Every line from the one containing "Living area - Historic" to the one containing "Mesa de comedor" in the records below, both included, must be set down exactly, and no other line.

Short descriptive text snippets
*** Block opens ***

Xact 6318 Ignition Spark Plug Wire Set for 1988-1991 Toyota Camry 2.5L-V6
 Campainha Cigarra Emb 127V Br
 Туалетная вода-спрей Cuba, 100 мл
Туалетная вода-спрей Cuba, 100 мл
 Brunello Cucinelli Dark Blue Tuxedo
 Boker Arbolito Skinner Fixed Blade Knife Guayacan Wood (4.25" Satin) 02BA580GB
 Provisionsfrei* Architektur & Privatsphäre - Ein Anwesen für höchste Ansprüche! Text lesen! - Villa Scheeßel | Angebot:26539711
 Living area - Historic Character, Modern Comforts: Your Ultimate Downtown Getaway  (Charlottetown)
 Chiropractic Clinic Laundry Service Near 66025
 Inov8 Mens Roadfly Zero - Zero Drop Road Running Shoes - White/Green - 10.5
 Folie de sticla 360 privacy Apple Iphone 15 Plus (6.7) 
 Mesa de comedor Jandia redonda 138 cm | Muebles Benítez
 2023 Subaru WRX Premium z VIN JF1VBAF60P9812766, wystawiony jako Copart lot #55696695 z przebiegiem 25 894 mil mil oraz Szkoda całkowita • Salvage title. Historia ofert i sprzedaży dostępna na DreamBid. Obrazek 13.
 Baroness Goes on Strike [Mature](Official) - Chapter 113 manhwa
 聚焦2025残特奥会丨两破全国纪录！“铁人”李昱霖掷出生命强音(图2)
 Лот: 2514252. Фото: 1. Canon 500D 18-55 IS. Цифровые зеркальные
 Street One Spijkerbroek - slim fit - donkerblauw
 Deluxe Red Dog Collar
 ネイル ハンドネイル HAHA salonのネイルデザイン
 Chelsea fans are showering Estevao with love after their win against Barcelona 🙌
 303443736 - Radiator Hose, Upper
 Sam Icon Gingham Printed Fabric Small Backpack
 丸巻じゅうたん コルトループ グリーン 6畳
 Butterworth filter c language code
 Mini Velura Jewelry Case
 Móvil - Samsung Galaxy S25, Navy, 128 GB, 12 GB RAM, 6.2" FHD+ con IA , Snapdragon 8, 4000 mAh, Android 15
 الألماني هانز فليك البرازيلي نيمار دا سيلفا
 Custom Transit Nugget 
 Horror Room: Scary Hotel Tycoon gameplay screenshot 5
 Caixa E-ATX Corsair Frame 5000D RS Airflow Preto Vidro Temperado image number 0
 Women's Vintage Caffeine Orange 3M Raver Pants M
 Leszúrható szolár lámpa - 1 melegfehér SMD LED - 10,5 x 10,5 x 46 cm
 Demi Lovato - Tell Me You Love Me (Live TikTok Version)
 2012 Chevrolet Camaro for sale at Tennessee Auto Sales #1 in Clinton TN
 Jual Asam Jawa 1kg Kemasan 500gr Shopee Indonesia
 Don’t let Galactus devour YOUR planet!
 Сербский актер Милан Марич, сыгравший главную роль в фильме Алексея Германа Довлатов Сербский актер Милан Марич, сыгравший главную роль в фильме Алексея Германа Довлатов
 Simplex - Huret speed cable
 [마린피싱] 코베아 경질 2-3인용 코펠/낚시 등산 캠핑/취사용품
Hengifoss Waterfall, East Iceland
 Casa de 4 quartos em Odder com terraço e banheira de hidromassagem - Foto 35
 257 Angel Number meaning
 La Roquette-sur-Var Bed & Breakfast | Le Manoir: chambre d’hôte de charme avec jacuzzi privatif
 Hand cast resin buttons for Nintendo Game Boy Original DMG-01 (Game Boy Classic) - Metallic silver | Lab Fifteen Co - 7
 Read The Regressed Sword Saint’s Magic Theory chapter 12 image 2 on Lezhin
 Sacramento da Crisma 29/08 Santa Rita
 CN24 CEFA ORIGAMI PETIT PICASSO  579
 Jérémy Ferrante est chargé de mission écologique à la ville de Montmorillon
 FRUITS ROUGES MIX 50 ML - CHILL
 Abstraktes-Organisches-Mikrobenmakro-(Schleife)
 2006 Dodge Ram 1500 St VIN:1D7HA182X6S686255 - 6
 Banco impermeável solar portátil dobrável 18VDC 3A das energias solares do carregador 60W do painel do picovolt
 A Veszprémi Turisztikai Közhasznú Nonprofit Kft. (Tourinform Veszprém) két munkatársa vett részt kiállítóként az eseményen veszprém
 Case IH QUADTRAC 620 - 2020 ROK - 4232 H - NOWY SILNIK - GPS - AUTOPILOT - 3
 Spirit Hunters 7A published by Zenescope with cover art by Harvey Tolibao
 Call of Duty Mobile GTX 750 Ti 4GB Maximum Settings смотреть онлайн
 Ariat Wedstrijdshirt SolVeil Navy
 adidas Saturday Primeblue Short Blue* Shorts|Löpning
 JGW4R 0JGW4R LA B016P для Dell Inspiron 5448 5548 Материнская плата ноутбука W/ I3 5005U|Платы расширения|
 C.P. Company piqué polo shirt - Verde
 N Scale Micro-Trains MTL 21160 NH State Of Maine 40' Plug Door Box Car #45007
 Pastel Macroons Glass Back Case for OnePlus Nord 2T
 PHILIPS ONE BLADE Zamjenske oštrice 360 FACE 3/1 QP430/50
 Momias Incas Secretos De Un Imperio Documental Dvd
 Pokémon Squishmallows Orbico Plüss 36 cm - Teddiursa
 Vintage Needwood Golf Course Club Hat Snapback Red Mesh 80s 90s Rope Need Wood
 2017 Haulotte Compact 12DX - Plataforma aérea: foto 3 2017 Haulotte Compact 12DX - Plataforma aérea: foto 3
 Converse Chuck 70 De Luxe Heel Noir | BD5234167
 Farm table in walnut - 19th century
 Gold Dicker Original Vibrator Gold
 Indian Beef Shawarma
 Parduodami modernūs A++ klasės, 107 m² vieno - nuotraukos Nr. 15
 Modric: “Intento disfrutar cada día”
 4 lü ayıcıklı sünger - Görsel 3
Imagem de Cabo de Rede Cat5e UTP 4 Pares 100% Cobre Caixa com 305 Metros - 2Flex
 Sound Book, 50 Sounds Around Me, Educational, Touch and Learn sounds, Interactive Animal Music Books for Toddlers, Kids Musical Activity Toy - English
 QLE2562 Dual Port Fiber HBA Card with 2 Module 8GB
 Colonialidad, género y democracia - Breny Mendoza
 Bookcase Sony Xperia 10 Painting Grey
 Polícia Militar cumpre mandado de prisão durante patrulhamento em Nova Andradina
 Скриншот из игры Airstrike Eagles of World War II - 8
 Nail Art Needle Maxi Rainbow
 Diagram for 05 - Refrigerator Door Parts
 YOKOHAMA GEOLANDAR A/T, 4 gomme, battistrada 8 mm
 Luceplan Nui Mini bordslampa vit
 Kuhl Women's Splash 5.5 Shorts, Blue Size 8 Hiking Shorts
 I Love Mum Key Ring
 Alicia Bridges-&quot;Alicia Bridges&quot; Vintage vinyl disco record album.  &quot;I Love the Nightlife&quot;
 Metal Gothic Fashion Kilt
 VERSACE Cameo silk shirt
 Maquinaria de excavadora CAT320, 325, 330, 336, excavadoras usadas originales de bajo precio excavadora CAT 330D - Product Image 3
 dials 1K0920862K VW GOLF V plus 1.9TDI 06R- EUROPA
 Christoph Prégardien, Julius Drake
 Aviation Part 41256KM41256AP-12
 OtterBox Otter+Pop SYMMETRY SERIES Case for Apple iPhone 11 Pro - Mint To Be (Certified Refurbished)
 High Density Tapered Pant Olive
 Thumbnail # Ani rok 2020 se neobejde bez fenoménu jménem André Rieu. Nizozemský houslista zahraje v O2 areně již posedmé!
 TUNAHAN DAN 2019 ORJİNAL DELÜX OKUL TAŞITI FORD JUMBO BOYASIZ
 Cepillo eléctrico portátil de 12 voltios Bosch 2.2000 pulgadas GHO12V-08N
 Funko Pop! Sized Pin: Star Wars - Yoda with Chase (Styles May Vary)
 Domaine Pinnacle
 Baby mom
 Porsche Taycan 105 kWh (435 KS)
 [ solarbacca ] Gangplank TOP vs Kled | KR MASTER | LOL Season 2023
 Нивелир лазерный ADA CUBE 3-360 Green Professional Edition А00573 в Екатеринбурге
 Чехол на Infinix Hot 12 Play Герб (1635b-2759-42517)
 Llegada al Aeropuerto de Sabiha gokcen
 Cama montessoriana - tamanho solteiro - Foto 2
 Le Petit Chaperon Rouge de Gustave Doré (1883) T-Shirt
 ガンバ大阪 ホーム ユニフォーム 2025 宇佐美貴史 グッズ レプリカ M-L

*** Block closes ***

SOLUTION TO THIS PROBLEM:
 Living area - Historic Character, Modern Comforts: Your Ultimate Downtown Getaway  (Charlottetown)
 Chiropractic Clinic Laundry Service Near 66025
 Inov8 Mens Roadfly Zero - Zero Drop Road Running Shoes - White/Green - 10.5
 Folie de sticla 360 privacy Apple Iphone 15 Plus (6.7) 
 Mesa de comedor Jandia redonda 138 cm | Muebles Benítez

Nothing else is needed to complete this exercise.